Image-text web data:
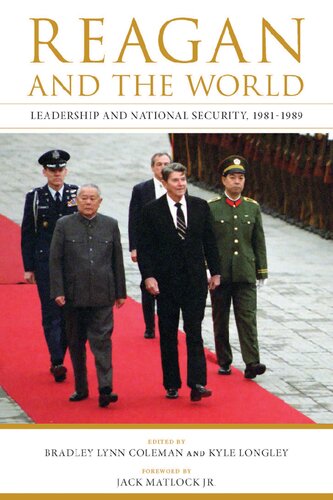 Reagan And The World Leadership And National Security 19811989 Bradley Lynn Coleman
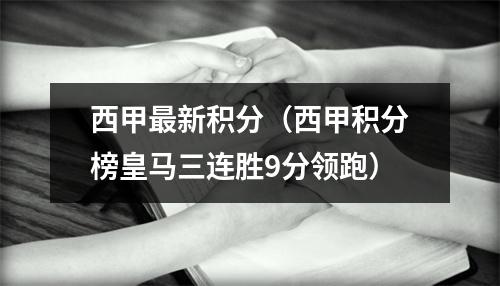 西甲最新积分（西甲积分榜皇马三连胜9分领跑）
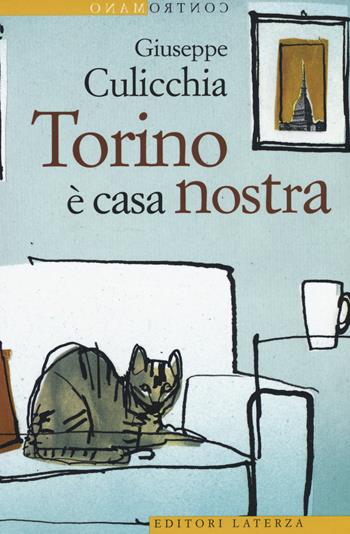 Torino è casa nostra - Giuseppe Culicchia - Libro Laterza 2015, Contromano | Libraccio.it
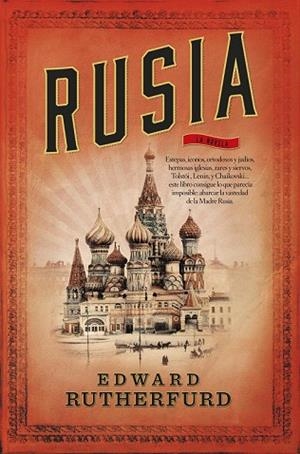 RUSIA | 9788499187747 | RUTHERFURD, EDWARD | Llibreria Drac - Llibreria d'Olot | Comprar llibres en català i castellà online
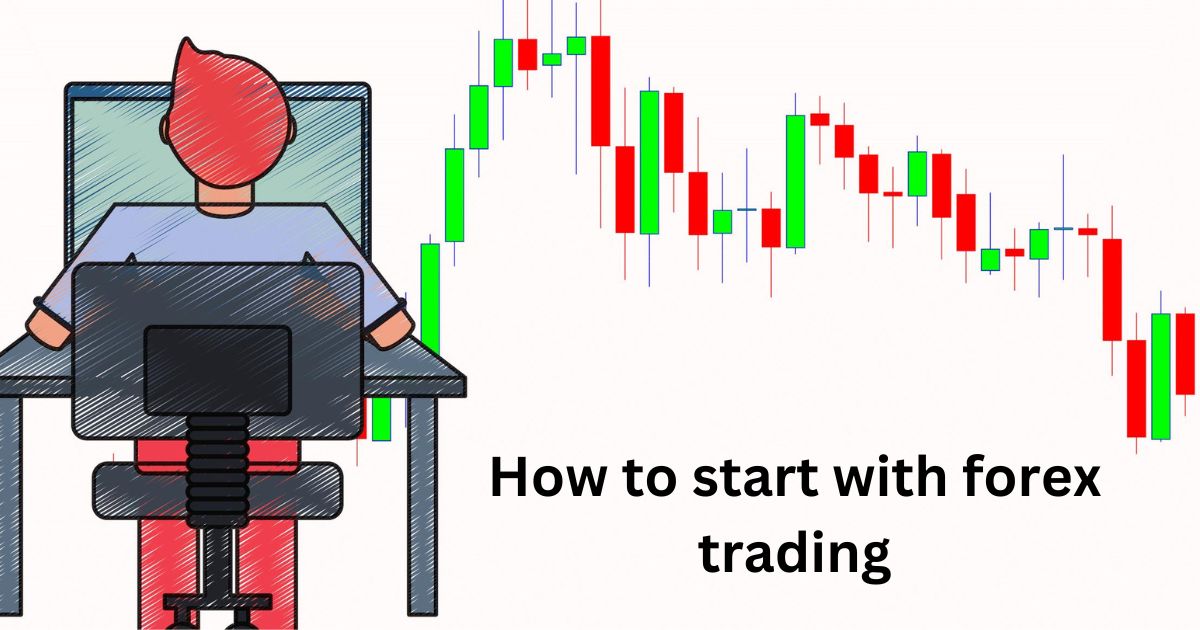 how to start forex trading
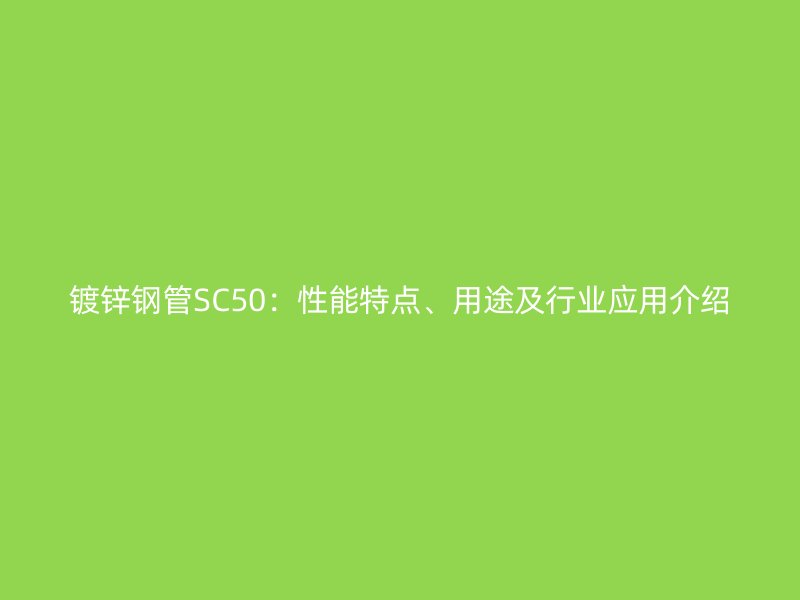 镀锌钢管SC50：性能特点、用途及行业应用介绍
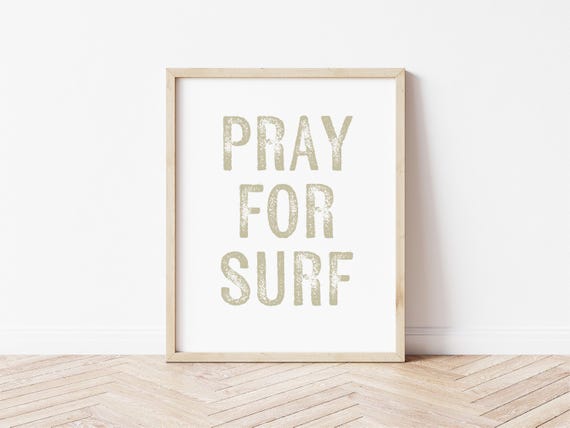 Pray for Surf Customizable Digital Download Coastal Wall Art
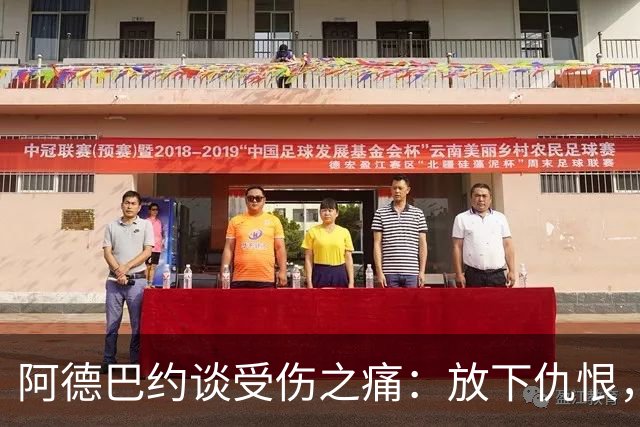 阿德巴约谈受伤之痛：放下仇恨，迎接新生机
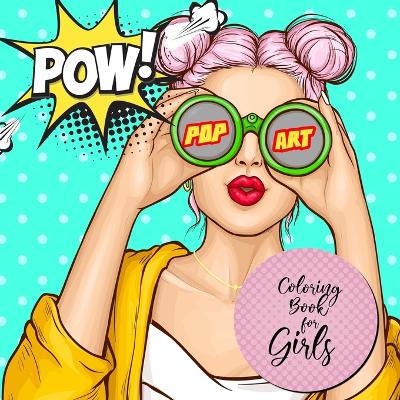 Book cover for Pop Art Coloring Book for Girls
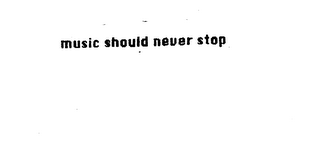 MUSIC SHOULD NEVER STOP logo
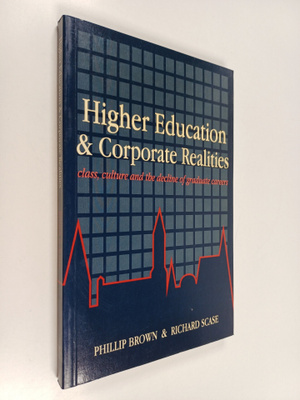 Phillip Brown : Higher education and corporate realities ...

**What is needed**
Because the copy must hold no pictures, return only the lines that run from the line containing "镀锌钢管SC50：性能特点、用途及行业应用介绍" to the end of the data above, each exactly as it stands.

**Answer to the exercise**
 镀锌钢管SC50：性能特点、用途及行业应用介绍
 Pray for Surf Customizable Digital Download Coastal Wall Art
 阿德巴约谈受伤之痛：放下仇恨，迎接新生机
 Book cover for Pop Art Coloring Book for Girls
 MUSIC SHOULD NEVER STOP logo
 Phillip Brown : Higher education and corporate realities ...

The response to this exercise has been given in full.